Cardiomyocyte Functional Etiology in Heart Failure With Preserved Ejection Fraction Is Distinctive—A New Preclinical Model

Background Among the growing numbers of patients with heart failure, up to one half have heart failure with preserved ejection fraction ( HF p EF ). The lack of effective treatments for HF p EF is a substantial and escalating unmet clinical need—and the lack of HF p EF ‐specific animal models represents a major preclinical barrier in advancing understanding of HF p EF . As established treatments for heart failure with reduced ejection fraction ( HF r EF ) have proven ineffective for HF p EF , the contention that the intrinsic cardiomyocyte phenotype is distinct in these 2 conditions requires consideration. Our goal was to validate and characterize a new rodent model of HF p EF , undertaking longitudinal investigations to delineate the associated cardiac and cardiomyocyte pathophysiology.
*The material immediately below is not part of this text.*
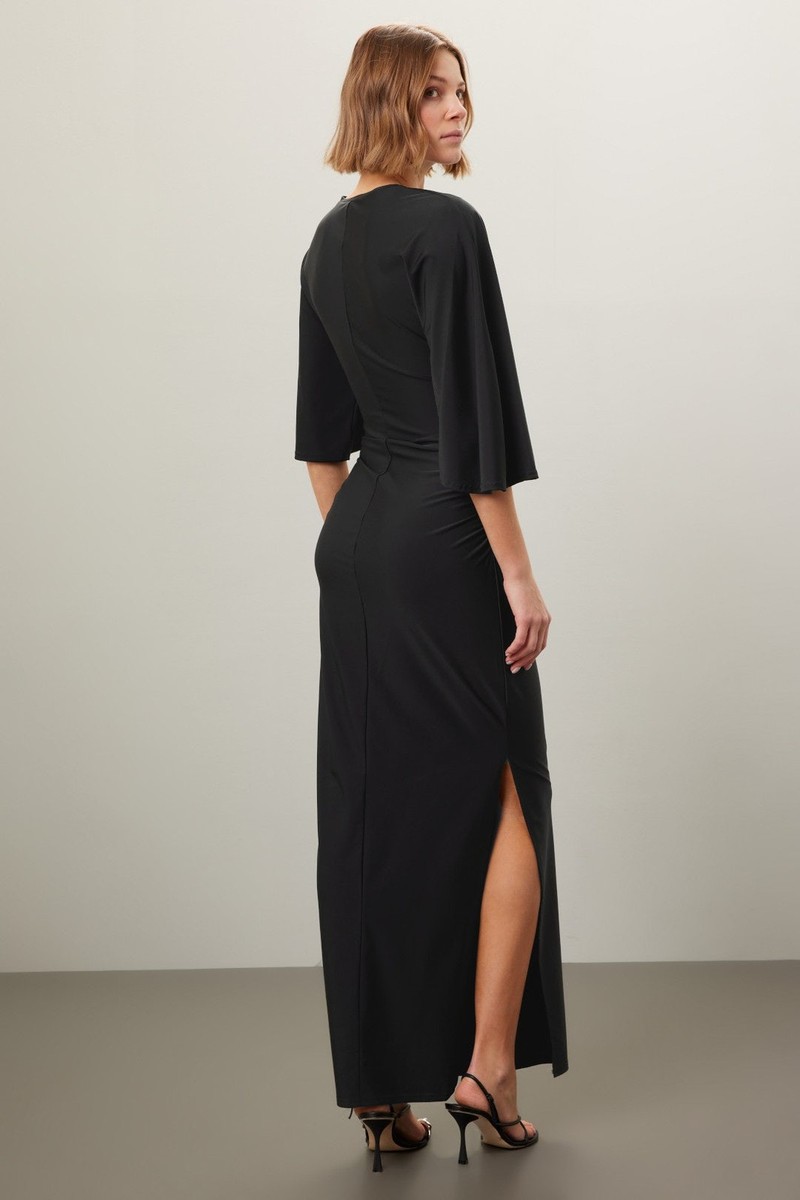suboo ivy maxi dress Suboo Ivy Maxi Dress Black Size M Minor Fabric Pull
Methods and Results The selectively inbred Hypertrophic Heart Rat (HHR) strain exhibits adult cardiac enlargement (without hypertension) and premature death (40% mortality at 50 weeks) compared to its control strain, the normal heart rat. Hypertrophy was characterized in vivo by maintained systolic parameters (ejection fraction at 85%–90% control) with marked diastolic dysfunction (increased E/E′). Surprisingly, HHR cardiomyocytes were hypercontractile, exhibiting high Ca 2+ operational levels and markedly increased L‐type Ca 2+ channel current. In HHR , prominent regions of reparative fibrosis in the left ventricle free wall adjacent to the interventricular septum were observed. Conclusions Thus, the cardiomyocyte remodeling process in the etiology of this HF p EF model contrasts dramatically with the suppressed Ca 2+ cycling state that typifies heart failure with reduced ejection fraction. These findings may explain clinical observations, that treatments considered appropriate for heart failure with reduced ejection fraction are of little benefit for HF p EF —and suggest a basis for new therapeutic strategies.